What did I do wrong here? It works fine while both are on but I don’t pass a signal when they are off


----------



## PKRPedals (Nov 2, 2019)

Update: Hooked it back up and it works fine. I don't know what happened in the beginning, maybe it was too early to be playing around. Sounds great! I hate that it has to go in such a big enclosure though, but I'll get over it. Off to do the enclosure now.


----------



## Chuck D. Bones (Nov 3, 2019)

What was the thinking behind putting the boost after the Betty?  Are you looking to be able to kick-in a volume boost for soloing?  Or is the idea that you want to overdrive the Cleaver?  Or maybe you want to be able to run the Cleaver by itself?  If you're only looking for a switchable volume boost, that could be accomplished with just a pot and a switch, no Cleaver req'd.


----------



## PKRPedals (Nov 3, 2019)

More loud! Haha I’m still pretty new to this electronics thing so I didn’t know how to go about doing it otherwise. I’m all ears though for the next one. I like having the boost just to be able to kick it up another notch.


----------



## Chuck D. Bones (Nov 3, 2019)

This simple trick will work with most pedals.  What we do is wire two volume controls in parallel.  Pin 1 to pin 1, pin 3 to pin 3.  In general, we would double the value of the volume pots so we don't load the circuit down.  That's not a concern with the Brown Betty, Thermionic or Dirty Sanchez.  For those, we can use two A50K pots.  On the existing VOL pot, disconnect pin 2 from the circuit board.  Easiest way is to cut the pot lead short.  Now, we wire a DPDT stomp switch like this.

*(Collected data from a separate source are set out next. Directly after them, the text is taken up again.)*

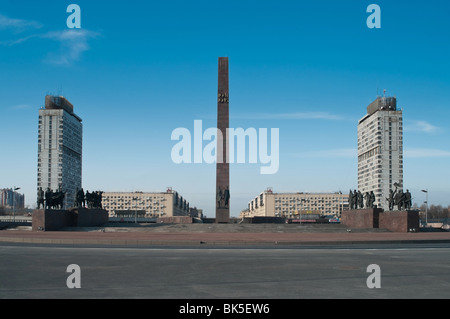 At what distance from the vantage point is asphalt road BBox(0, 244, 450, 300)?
864 centimetres

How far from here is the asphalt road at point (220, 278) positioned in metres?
8.64

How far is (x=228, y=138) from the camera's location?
5172 cm

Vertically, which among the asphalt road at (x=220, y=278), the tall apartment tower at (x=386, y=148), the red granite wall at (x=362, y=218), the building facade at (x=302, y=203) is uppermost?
the tall apartment tower at (x=386, y=148)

The other side of the switch can be wired to LEDs. When you stomp on the BOOST switch, it selects the other volume control.  Everything is at the same DC voltage, so there's no pop when you switch volumes.

Note, this doesn't make a quiet pedal louder, for that you need an actual boost.


----------



## PKRPedals (Nov 3, 2019)

Thanks! I may try this on one in the future.


----------